SUKABUMIUPDATE.com - Gelombang Pemutusan Hubungan Kerja (PHK) akibat tidak diperpanjangnya kontrak buruh di beberapa perusahaan di Sukabumi, berdampak pada sejumlah sektor, salah satunya bisnis kos-kosan. Ini terjadi di Kecamatan Parungkuda, Kabupaten Sukabumi.
Beberapa kos-kosan di sekitar PT L&B di Desa Sundawenang, Kecamatan Parungkuda, mulai ditinggalkan penghuninya yang tak lain adalah buruh di perusahaan industri garmen tersebut. Mereka rata-rata berhenti menempati kos-kosan lantaran kontraknya di PT L&B tidak diperpanjang.
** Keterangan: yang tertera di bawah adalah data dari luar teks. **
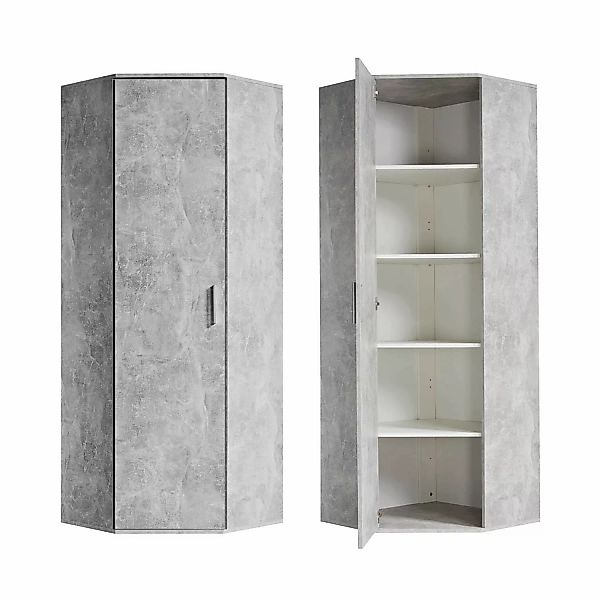 mokebo Mehrzweckschrank Der Lange Eckschrank (64x180 günstig online kaufen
Pemilik kos-kosan, Irfan (31 tahun), mengatakan bisnisnya menurun sejak beberapa waktu terakhir. Delapan kamar yang semula terisi penuh oleh para buruh PT L&B, kini hanya tiga kamar yang masih diisi pekerja yang merantau, ini pun dari perusahaan lain, bukan karyawan PT L&B.
"Penghasilan bulanan dari kos-kosan biasanya Rp 4 juta. Tapi sekarang paling Rp 1,5 juta. Penghasilan ini dipangkas lagi untuk kebutuhan air dan listrik, belum kalau ada kerusakan dan kebutuhan lainnya," katanya kepada sukabumiupdate.com, Minggu, 20 November 2022.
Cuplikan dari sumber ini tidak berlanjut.